July 1, 2020
Newsletter – July 2020
Deemed Undertaking Rule Applies To
Video Evidence In Civil Action:
Rule Not Lifted
Chet Wydrzynski and Renata Antoniuk of our Toronto office were recently successful in opposing a motion for the production of CCTV footage disclosed during pre-trial discovery in a civil action for the purported purpose of pursuing a criminal prosecution against a number of defendants.
In 2013, the Plaintiff attended a shopping plaza. He was asked to leave by security. During a subsequent arrest, the Plaintiff alleged that he was assaulted by two security guards. The incident was captured on CCTV. In 2015, the Plaintiff, his sister and parents commenced a multi-million-dollar civil action in relation to the alleged assault against the security guards, the security guard company and the plaza.
On the motion, the Court had to determine whether the deemed undertaking rule applied to the video. This rule prevents parties involved in litigation from using documents disclosed in litigation for ulterior purposes. It is codified in Rule 30.1 of the Rules of Civil Procedure and exists at common law.
The video was provided by defence counsel, Dolden Wallace Folick partner, Morgan Martin, to Plaintiffs’ counsel in advance of serving an affidavit of documents as a result of a request by the Plaintiffs’ then counsel and also so that consideration could be given to adding a police force as a further party defendant. Mr. Martin first spoke with Plaintiffs’ counsel and advised that he would producing the video to streamline the litigation process and that the video would eventually be included as a non-privileged document in the Defendants’ affidavit of documents. This discussion was supported by a contemporaneous telephone memorandum.

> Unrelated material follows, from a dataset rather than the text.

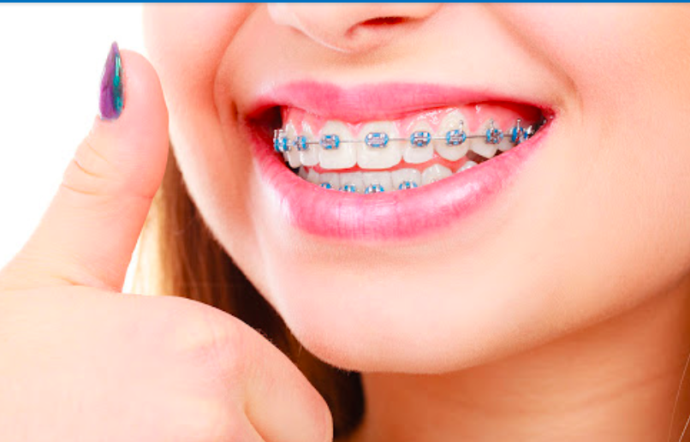 Diş Sağlığı ve Diş Teli İlişkisi Nedir?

In his ruling, Justice Richard A. Lococo agreed with our position that the deemed undertaking rule applied to the video. In arriving at his decision, Lococo J. acknowledged that the video was a key item of documentary evidence and relevant to the civil assault action. As a result, disclosure of the video was required under the Rules. He further ruled that “the timing of
particular document’s disclosure during the disclosure process … is not a determining factor as to whether the deemed undertaking rule applies to the document”.

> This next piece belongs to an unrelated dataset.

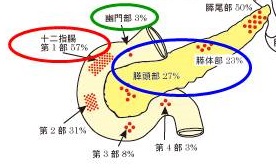 ガストリン産生腫瘍(ガストリノーマ)の好発部位 ガストリン産生腫瘍(ガストリノーマ)の好発部位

In addition, to determine whether the deemed undertaking rule applied, Lococo J. had to determine whether the Plaintiffs should be granted relief from the deemed undertaking rule. In this regard, the Court can grant leave from the deemed undertaking where the interest of justice outweigh the prejudice that would befall a party who disclosed the evidence.
The Plaintiffs argued that the interest of justice in pursuing a criminal investigation into the conduct of security and police outweighed any prejudice to the shopping plaza defendant who owned the video. We argued that the criminal investigation as leverage in the civil action, including in any settlement discussions. Case law has recognized that the investigation of potential criminal conduct is not determinative of this issue. The Plaintiffs were not successful in arguing that a criminal investigation could not be commenced without the video. While the Lococo J. agreed that the shopping plaza defendant would not itself be in criminal jeopardy as a result of disclosure, the Plaintiffs pled that the shopping plaza defendant was vicariously liable for the security guards’ actions. Canadian courts have already recognized that there are tactical advantages to seeking a police investigation and Lococo J. held that this potential prejudice outweighed the public interest in this case, particularly given that seven years had already passed since the date of the incident giving rise to the civil action.
This case confirms that the deemed undertaking rule is not limited to documents contained within an affidavit of documents. It applies to protect documentary disclosure between parties throughout the litigation process. The rule will only be modified or varied in exceptional circumstances and the potential for a criminal investigation is not determinative of the issue.
Defence counsel, adjusters and insurers should consider the potential implications of early disclosure, even where it may be prudent to do so absent a written agreement on the particular use of the documents disclosed.